Phenotypic consequences of proton pump dysfunction
Another line of research deals with the functional characterization of the accessory V-ATPase subunit, ATP6AP2 (also known as the (pro)renin receptor). Our results suggest that this protein participates in the assembly of the V-ATPase complex in the endoplasmic reticulum (Rujano, Cannata Serio et al., 2017). We are are addressing the role of ATP6AP2 and the V-ATPase in autophagy, various signaling pathways (PCP, Wnt, Notch, mTOR etc.) as well as human genetic diseases (Hermle et al, 2013; Trepiccione et al, 2016; Rujano, Cannata Serio et al., 2017; Guida et al, 2018).

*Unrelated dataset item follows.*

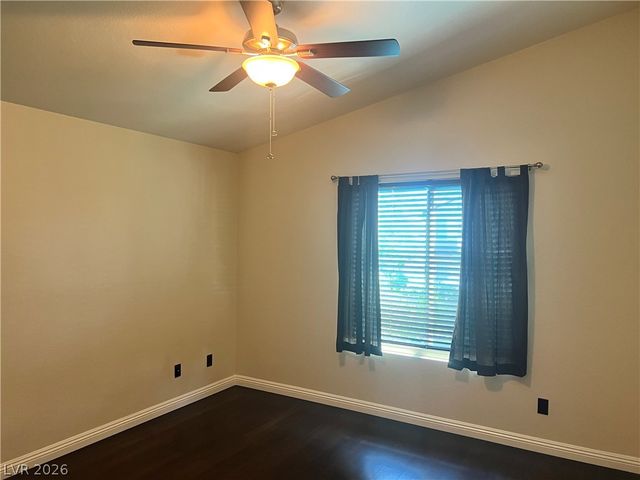 8225 Woodland Prairie Avenue, Las Vegas, NV 89129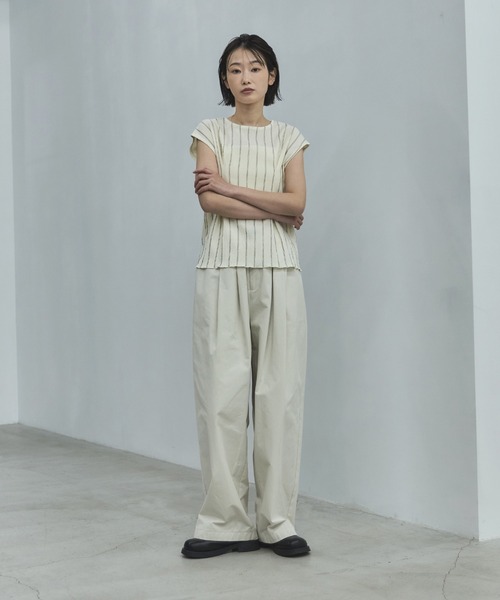 feepur（フェピュール）の「ワッシャーストライプタックブラウス（シャツ/ブラウス・レディース・アイボリー/ブラック・MEDIUM）」の6枚目の写真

Drosophila as a tool in human genetics
The understanding of human genetic diseases has been greatly improved by novel techniques, such as next generation sequencing, allowing the complete genotyping of vast numbers of affected individuals and their relatives. Moreover, novel genome editing methods and reprogramming of patient-derived cells have enhanced the possibilities for functional follow-up studies. However, the evaluation of the pathogenicity of genetic variants remains a major bottleneck, because the human genome still lacks important functional gene information. An important goal of the lab is to employ the Drosophila model as an innovative toolkit for the rapid identification of novel genes for hereditary diseases, particularly in the area of kidney disease (Goncalves et al, 2018; Lovric, Goncalves et al, 2017).